一時間目は社会だった。中学二年生のこの時期は歴史を学んでいる。
「ここの神社ね~、教科書にも書いてあるけどここからめちゃくちゃ近いのよね~…。夕方から夜にかけてとんでもない魔物がでるって噂なのよ。見たことある人は知ってるかもしれないけど結構厳つい門があるのはそういう理由があるからなの。ここね、辛夷神社と言います。100年くらい前にできたんだって~。テスト出すつもりだから!覚えとくんだよ~。」
社会の教科担任であり、キキョウとアヤメのクラス担任でもあるナズナが淡々と授業を進めていく。
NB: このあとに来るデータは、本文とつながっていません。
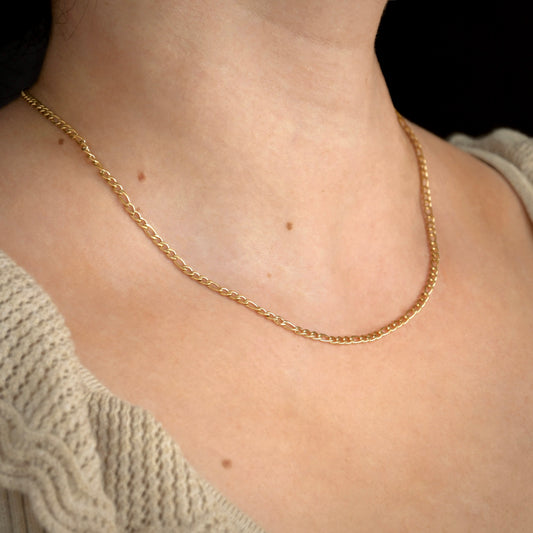 Dainty Gold chain necklace on a person wearing a beige sweater against a black background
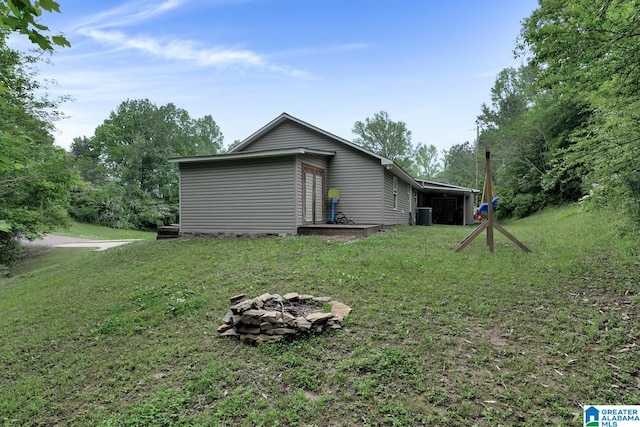 view of side of home featuring a lawn, central air condition unit, and a fire pit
するとキキョウがまた悪そうな顔をしてアヤメに声をかける。
「なあ、放課後ここ二人で行かね?」
「え、怖いよ…。というか寄り道だめでしょ!私は行きたくない!」
と真面目な性格を見せるアヤメに、キキョウは返事をする。
「怖いから行きたくないだけだろwwじゃあヒガンもつれていこうぜ。」
とキキョウは仲間を増やす提案をした。ヒガンはキキョウの幼馴染で、父母の顔も知らない、姉のフリージアに育てられた内気な男の子だ。
「ヒガンは絶対行きたくないって言うと思うよ…。人選ミスだねキキョウ☆」
とドヤ顔で返すアヤメに予想外の言葉が飛んでくる。
「ちょっと行ってみたいかも…。」
「「え?」」
アヤメはもちろん提案してきたキキョウまで感嘆の声を漏らしてしまう。ヒガンは内気ではあるが意外と肝が据わっている。
「よ、よし!じゃあ放課後三人でいくの決定な!アヤメ逃げるなよ!!」
キキョウが無理やり予定を確定させる。
「え~!ほんとにやだー!!」
アヤメが駄々をこねる。
「そこうるさいんだけど~!授業中に友達と話すとか青春すぎて私が嫉妬するからやめなさい!」
と謎の理由でナズナに怒られた三人は真面目に授業を聞くことになった。